TIKALA : Sur une île indonésienne, une famille prend la pose au côté d'un parent âgé ne pouvant plus esquisser le moindre sourire, tandis qu'une autre tente de vêtir un ancêtre d'âge vénérable d'une chemise et d'un chino.
Ces aînés ne sont cependant pas coincés dans une maison de retraite. Ils ne nourrissent pas non plus de rancune envers les plus jeunes. Ils sont tout simplement morts.
Dans deux localités de l'île indonésienne de Célèbes, des habitants participent plusieurs jours durant à une cérémonie appelée "Manene".
Des centaines de corps sont exhumés et habillés dans le village de Torea au cours d'un rituel destiné à honorer leurs âmes et leur adresser des offrandes.
"Lorsque nous procédons au Manene, nous commençons par ouvrir la sépulture et la nettoyer, ainsi que l'espace qui l'entoure", explique à l'AFP Sulle Tosae, un des proches participant à la cérémonie.
"Ensuite, nous séchons les corps au soleil avant de changer leur tenue", explique-t-il.
Les cercueils qui renferment les corps de leurs êtres chers sont extraits d'un caveau creusé à flanc de montagne.
"Les offrandes symbolisent la gratitude des enfants et petits-enfants envers leurs défunts", explicite Rahman Badus, à la tête du village de Torea.
Ils honorent leurs esprits "afin qu'ils puissent toujours bénir les vivants (en leur procurant) sécurité, paix et bonheur", éclaire-t-il.
Une famille a ainsi donné une cigarette en offrande à un proche tout juste sorti de terre, tandis qu'une autre a apposé des lunettes de soleil sur le nez de son défunt.
Quelques corps demeurent relativement épargnés par le processus de momification quand d'autres se sont détériorés jusqu'à devenir des squelettes.
Les esprits des morts
Les Toraja constituent un groupe ethnique composé d'environ un million de personnes sur l'île de Célèbes.
Ces habitants ont peu de scrupules à parler d'un corps embaumé, à l'habiller, à lui brosser les cheveux ou même à prendre des photos avec un parent momifié.
Selon le village, le Manene se tient habituellement en juillet ou en août, mais n'a pas nécessairement lieu tous les ans.
Les Toraja croient que les esprits des morts s'attardent sur terre avant les cérémonies funéraires et entament leur voyage vers le pays des esprits après que leurs âmes soient devenues immortelles.

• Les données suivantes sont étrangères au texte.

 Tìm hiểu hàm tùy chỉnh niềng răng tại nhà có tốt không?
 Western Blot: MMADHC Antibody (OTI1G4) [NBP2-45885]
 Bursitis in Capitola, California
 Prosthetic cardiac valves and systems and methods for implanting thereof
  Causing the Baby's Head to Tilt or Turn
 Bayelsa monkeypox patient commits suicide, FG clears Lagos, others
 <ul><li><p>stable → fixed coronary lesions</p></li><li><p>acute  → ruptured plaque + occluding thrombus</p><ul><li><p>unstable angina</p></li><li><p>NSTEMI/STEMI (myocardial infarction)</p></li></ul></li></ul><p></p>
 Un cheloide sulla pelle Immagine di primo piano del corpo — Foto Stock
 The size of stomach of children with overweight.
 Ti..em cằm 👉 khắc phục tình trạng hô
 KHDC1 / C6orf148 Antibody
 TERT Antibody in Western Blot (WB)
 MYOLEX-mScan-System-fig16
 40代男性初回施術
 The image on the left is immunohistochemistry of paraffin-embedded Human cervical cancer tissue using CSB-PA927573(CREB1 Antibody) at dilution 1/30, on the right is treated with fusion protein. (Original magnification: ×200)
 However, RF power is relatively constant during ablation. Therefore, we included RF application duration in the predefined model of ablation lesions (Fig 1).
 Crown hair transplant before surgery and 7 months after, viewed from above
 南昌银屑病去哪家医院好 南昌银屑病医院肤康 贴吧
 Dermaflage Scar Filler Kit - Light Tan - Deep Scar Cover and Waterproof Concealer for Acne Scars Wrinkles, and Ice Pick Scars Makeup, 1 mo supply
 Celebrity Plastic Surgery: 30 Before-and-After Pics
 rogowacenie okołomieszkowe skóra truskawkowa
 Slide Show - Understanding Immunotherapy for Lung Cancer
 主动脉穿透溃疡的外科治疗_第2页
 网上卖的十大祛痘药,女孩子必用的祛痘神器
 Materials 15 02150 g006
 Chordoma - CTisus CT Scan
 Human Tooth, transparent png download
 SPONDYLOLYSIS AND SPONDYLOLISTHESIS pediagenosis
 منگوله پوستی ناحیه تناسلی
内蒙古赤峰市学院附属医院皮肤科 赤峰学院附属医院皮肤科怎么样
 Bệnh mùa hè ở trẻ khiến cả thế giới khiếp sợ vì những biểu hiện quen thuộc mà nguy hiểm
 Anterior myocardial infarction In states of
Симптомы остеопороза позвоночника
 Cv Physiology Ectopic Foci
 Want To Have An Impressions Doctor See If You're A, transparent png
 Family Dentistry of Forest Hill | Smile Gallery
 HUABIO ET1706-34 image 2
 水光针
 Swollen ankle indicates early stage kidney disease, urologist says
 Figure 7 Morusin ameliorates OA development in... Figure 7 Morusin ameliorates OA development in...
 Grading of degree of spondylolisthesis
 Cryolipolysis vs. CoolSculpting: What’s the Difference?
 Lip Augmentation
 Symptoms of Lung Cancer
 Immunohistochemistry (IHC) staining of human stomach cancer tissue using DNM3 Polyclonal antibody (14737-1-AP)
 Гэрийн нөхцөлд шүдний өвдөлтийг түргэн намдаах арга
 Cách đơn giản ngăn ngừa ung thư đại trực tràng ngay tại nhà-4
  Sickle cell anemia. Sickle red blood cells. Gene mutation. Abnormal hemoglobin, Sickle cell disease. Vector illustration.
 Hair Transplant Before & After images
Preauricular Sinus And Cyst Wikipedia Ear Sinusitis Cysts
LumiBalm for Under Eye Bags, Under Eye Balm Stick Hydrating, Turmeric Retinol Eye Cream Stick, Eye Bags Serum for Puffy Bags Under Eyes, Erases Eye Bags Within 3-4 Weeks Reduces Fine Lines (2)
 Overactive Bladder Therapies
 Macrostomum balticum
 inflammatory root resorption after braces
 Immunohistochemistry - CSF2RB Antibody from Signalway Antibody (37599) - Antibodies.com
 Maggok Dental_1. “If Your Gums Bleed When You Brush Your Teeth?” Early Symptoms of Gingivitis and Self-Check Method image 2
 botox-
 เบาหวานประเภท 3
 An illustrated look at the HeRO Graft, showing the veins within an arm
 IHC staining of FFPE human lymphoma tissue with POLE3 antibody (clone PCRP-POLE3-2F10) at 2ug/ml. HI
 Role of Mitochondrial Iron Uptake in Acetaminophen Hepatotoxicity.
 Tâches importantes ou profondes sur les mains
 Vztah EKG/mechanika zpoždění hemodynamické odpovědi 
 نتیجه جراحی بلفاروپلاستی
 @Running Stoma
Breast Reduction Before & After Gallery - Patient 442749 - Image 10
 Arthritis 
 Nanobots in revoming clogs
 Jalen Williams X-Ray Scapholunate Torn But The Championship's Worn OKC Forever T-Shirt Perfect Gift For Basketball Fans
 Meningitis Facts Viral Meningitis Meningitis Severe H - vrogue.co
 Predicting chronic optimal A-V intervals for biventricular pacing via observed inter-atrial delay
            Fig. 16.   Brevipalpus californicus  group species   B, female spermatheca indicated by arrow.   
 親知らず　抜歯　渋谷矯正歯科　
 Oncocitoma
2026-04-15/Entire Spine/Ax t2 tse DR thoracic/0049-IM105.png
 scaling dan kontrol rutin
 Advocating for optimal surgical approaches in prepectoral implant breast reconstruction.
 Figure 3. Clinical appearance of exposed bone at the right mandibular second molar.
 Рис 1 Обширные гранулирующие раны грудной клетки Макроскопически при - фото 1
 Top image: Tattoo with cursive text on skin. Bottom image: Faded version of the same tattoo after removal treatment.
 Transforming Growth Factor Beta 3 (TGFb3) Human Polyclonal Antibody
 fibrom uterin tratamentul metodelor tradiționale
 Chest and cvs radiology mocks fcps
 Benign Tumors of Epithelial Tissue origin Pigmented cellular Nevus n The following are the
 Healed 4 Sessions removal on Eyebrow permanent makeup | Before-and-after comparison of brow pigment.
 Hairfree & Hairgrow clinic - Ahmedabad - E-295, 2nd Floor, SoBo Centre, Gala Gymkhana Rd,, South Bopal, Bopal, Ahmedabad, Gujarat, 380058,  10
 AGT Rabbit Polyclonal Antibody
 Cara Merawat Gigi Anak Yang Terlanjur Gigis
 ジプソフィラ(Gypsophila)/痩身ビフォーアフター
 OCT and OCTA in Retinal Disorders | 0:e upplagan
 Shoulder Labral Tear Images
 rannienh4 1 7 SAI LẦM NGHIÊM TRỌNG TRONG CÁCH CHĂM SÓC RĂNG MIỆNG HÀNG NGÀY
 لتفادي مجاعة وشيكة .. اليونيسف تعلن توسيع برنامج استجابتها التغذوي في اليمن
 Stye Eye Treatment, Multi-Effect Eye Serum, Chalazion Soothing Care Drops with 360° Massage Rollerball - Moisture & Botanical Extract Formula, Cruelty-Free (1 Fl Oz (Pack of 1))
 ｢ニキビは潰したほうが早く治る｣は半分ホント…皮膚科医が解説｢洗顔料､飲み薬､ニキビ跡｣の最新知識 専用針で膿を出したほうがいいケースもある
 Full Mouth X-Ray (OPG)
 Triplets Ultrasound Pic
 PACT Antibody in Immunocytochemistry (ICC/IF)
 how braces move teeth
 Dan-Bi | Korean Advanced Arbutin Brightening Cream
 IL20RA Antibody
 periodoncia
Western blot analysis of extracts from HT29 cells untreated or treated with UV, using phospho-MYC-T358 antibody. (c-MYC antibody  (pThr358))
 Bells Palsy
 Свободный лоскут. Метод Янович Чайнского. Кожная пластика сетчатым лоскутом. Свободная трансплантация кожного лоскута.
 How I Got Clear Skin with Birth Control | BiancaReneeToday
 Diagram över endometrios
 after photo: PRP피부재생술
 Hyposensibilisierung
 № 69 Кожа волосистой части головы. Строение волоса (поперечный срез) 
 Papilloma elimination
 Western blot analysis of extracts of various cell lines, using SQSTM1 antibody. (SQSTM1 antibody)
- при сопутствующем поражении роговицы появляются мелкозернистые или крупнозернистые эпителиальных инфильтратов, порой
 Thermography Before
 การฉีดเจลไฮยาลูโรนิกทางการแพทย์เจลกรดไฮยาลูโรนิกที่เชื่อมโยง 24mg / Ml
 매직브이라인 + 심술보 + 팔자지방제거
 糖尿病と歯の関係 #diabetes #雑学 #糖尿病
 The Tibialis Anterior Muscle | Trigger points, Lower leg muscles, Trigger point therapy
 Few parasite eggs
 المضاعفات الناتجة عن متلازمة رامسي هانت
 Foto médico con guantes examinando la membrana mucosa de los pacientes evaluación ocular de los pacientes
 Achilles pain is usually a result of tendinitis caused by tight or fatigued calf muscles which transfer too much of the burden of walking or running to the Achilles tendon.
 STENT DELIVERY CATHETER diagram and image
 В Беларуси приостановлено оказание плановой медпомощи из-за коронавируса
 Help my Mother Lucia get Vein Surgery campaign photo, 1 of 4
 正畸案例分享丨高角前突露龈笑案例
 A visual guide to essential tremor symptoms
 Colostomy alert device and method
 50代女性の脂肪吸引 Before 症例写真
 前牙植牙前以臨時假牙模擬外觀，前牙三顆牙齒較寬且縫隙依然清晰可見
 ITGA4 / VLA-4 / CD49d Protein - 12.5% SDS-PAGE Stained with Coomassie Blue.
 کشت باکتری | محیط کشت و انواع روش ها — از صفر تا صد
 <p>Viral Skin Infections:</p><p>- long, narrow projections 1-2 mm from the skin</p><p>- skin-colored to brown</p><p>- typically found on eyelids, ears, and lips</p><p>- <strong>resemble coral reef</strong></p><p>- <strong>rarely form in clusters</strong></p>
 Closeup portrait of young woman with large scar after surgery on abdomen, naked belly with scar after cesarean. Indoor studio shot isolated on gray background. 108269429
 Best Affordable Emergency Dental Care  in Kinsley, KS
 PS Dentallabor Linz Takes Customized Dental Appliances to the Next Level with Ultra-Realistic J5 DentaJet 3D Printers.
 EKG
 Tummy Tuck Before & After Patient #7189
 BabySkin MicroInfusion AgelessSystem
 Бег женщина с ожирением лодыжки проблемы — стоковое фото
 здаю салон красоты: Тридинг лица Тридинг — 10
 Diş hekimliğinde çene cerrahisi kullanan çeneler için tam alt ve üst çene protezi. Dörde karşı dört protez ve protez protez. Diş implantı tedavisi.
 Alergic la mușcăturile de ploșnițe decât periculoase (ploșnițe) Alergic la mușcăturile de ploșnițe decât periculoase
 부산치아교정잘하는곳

Les familles préservent le corps de leur défunt jusqu'au moment où elles ont épargné suffisamment d'argent pour procéder à des funérailles en grande pompe.
Les disparus sont préalablement momifiés au cours d'un processus d'embaumement faisant intervenir des produits naturels comme du vinaigre acide et des feuilles de thé.
Mais de nombreuses familles décident désormais de simplifier la chose en injectant une solution de formaldéhyde dans le corps de leurs proches.
L'exhumation constitue une scène choquante et horrifiante pour les touristes occidentaux. Au contraire des habitants plus qu'heureux de nettoyer les corps, de prendre des photos et de prier pour les âmes des morts.
"Les corps doivent être traités avec le plus grand respect lors du rituel du Manene", explique Rahman Badus. "Les proches rendent hommage à leurs parents ou à leurs ancêtres. Le manque de respect a des conséquences."